- _Activity_:
Retype the entries below word for word, leaving none out.

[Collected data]
•••••

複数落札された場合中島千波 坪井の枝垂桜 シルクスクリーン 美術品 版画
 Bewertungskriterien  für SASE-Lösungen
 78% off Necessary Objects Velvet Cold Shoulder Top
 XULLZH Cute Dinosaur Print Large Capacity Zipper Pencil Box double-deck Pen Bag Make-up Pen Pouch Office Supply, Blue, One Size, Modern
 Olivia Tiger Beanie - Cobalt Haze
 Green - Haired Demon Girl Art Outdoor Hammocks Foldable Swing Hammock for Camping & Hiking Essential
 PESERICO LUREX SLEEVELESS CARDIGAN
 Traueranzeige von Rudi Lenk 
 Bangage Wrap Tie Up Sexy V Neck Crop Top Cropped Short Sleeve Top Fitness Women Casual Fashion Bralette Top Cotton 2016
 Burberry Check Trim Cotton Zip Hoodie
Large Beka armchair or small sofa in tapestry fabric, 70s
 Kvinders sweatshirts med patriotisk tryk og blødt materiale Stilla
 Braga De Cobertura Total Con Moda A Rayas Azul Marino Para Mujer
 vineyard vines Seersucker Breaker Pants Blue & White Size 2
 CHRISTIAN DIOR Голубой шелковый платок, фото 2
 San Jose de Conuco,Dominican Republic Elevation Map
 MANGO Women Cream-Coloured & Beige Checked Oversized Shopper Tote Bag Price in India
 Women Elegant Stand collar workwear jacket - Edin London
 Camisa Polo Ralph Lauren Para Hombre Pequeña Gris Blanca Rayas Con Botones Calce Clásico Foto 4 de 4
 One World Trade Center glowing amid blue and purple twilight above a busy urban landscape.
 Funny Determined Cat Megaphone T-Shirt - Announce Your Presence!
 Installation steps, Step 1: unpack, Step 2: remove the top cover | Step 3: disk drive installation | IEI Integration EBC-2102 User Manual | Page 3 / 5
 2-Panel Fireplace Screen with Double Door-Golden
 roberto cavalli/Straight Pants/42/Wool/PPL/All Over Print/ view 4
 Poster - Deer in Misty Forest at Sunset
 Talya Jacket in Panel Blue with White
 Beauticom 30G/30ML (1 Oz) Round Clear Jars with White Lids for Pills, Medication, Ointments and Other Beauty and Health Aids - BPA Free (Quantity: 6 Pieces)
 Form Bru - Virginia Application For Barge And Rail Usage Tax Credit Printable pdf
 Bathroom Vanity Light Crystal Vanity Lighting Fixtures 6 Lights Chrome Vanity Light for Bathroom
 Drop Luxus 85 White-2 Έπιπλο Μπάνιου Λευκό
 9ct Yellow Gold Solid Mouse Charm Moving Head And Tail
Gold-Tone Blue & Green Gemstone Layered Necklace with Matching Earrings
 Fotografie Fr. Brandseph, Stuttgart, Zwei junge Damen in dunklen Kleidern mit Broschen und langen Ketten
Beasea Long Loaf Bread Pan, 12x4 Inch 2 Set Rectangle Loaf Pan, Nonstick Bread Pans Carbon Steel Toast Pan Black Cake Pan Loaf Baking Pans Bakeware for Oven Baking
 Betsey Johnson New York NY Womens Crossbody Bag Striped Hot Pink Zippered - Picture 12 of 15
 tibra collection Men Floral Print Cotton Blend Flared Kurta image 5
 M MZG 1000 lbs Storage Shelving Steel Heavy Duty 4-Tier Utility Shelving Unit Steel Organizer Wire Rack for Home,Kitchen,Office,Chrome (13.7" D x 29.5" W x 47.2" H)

•••••

- _Worked solution_:
複数落札された場合中島千波 坪井の枝垂桜 シルクスクリーン 美術品 版画
 Bewertungskriterien  für SASE-Lösungen
 78% off Necessary Objects Velvet Cold Shoulder Top
 XULLZH Cute Dinosaur Print Large Capacity Zipper Pencil Box double-deck Pen Bag Make-up Pen Pouch Office Supply, Blue, One Size, Modern
 Olivia Tiger Beanie - Cobalt Haze
 Green - Haired Demon Girl Art Outdoor Hammocks Foldable Swing Hammock for Camping & Hiking Essential
 PESERICO LUREX SLEEVELESS CARDIGAN
 Traueranzeige von Rudi Lenk 
 Bangage Wrap Tie Up Sexy V Neck Crop Top Cropped Short Sleeve Top Fitness Women Casual Fashion Bralette Top Cotton 2016
 Burberry Check Trim Cotton Zip Hoodie
Large Beka armchair or small sofa in tapestry fabric, 70s
 Kvinders sweatshirts med patriotisk tryk og blødt materiale Stilla
 Braga De Cobertura Total Con Moda A Rayas Azul Marino Para Mujer
 vineyard vines Seersucker Breaker Pants Blue & White Size 2
 CHRISTIAN DIOR Голубой шелковый платок, фото 2
 San Jose de Conuco,Dominican Republic Elevation Map
 MANGO Women Cream-Coloured & Beige Checked Oversized Shopper Tote Bag Price in India
 Women Elegant Stand collar workwear jacket - Edin London
 Camisa Polo Ralph Lauren Para Hombre Pequeña Gris Blanca Rayas Con Botones Calce Clásico Foto 4 de 4
 One World Trade Center glowing amid blue and purple twilight above a busy urban landscape.
 Funny Determined Cat Megaphone T-Shirt - Announce Your Presence!
 Installation steps, Step 1: unpack, Step 2: remove the top cover | Step 3: disk drive installation | IEI Integration EBC-2102 User Manual | Page 3 / 5
 2-Panel Fireplace Screen with Double Door-Golden
 roberto cavalli/Straight Pants/42/Wool/PPL/All Over Print/ view 4
 Poster - Deer in Misty Forest at Sunset
 Talya Jacket in Panel Blue with White
 Beauticom 30G/30ML (1 Oz) Round Clear Jars with White Lids for Pills, Medication, Ointments and Other Beauty and Health Aids - BPA Free (Quantity: 6 Pieces)
 Form Bru - Virginia Application For Barge And Rail Usage Tax Credit Printable pdf
 Bathroom Vanity Light Crystal Vanity Lighting Fixtures 6 Lights Chrome Vanity Light for Bathroom
 Drop Luxus 85 White-2 Έπιπλο Μπάνιου Λευκό
 9ct Yellow Gold Solid Mouse Charm Moving Head And Tail
Gold-Tone Blue & Green Gemstone Layered Necklace with Matching Earrings
 Fotografie Fr. Brandseph, Stuttgart, Zwei junge Damen in dunklen Kleidern mit Broschen und langen Ketten
Beasea Long Loaf Bread Pan, 12x4 Inch 2 Set Rectangle Loaf Pan, Nonstick Bread Pans Carbon Steel Toast Pan Black Cake Pan Loaf Baking Pans Bakeware for Oven Baking
 Betsey Johnson New York NY Womens Crossbody Bag Striped Hot Pink Zippered - Picture 12 of 15
 tibra collection Men Floral Print Cotton Blend Flared Kurta image 5
 M MZG 1000 lbs Storage Shelving Steel Heavy Duty 4-Tier Utility Shelving Unit Steel Organizer Wire Rack for Home,Kitchen,Office,Chrome (13.7" D x 29.5" W x 47.2" H)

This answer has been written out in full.